Super Punch-Out!! (SNES) is included in the GameCube version of EA Sports's Fight Night Round 2. Additionally, Little Mac, based on his appearance from the SNES game, can be unlocked as a playable character in the main game.

====Captain Rainbow====

Little Mac made a cameo appearance in skip Ltd.'s Captain Rainbow, where the title character must help Little Mac get in shape to regain his championship title.

====Super Smash Bros. series====

Little Mac first appeared as an assist trophy in Super Smash Bros. Brawl, before becoming a playable character in Super Smash Bros. for Nintendo 3DS and Wii U and Super Smash Bros.
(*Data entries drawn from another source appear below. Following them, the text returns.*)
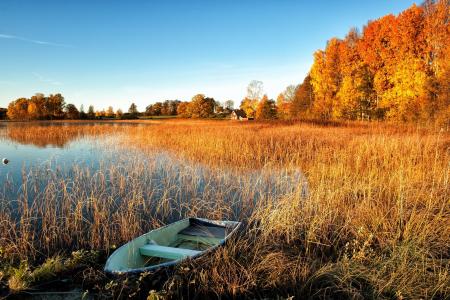 秋天，船，湖，树木，房屋。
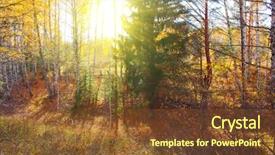  Presentation with forest patches in africa - PPT theme consisting of gully in autumn forest background and a  colored foreground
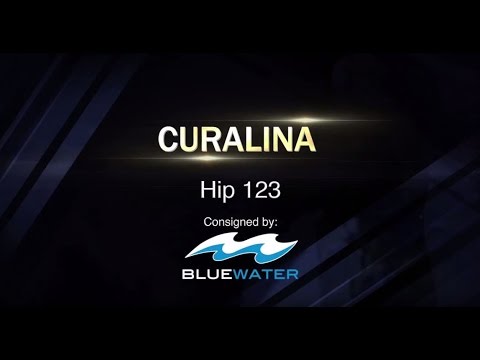 Curalina: November Sale Featurette (2016)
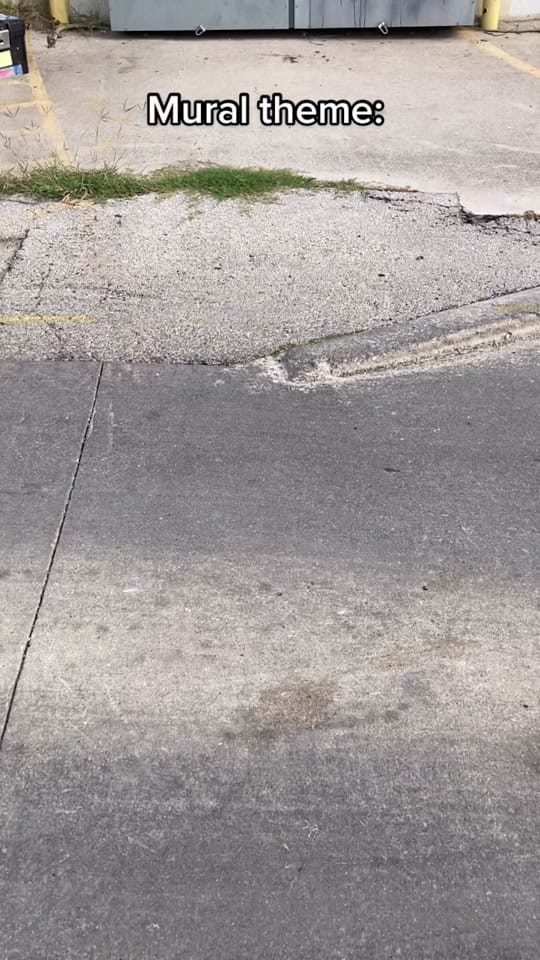 Post 10 by Catalina Zamarripa on TikTok (video)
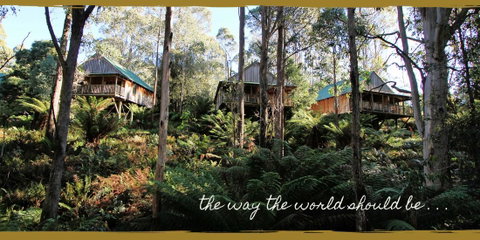 Lemonthyme Wilderness Retreat - Accommodation Gladstone 20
Ultimate.

==Appearances in other media==
King Hippo served as a primary antagonist in the DIC Entertainment animated series Captain N: The Game Master.

Punch-Out!! would get referenced in Family Guy on multiple occasions. In "Tales of a Former Sport Glory", during Peter's boxing fight for the title they use the sound effects from the Arcade ("Nintendo") Punch-Out!!, since they were "out of budget to take it (music) from the movie." In "A Fistful of Meg", when Meg goes to Quagmire to help get training, they re-enact the famous bicycle scene from Mike Tyson's Punch-Out!!. And in "Not All Dogs go to Heaven", when Meg gets the family together to say grace and let's Peter lead, Peter prays to God for the cheat codes to Mike Tyson's Punch-Out!!, stating that he was stuck on Bald Bull for years.

The Super Mario Bros. Movie, co-produced by Nintendo and based on the company's Mario franchise, features a pizzeria in Brooklyn, New York City named after the Punch-Out!! series as a prominent location. Photos of characters from the games can also be seen inside the pizzeria.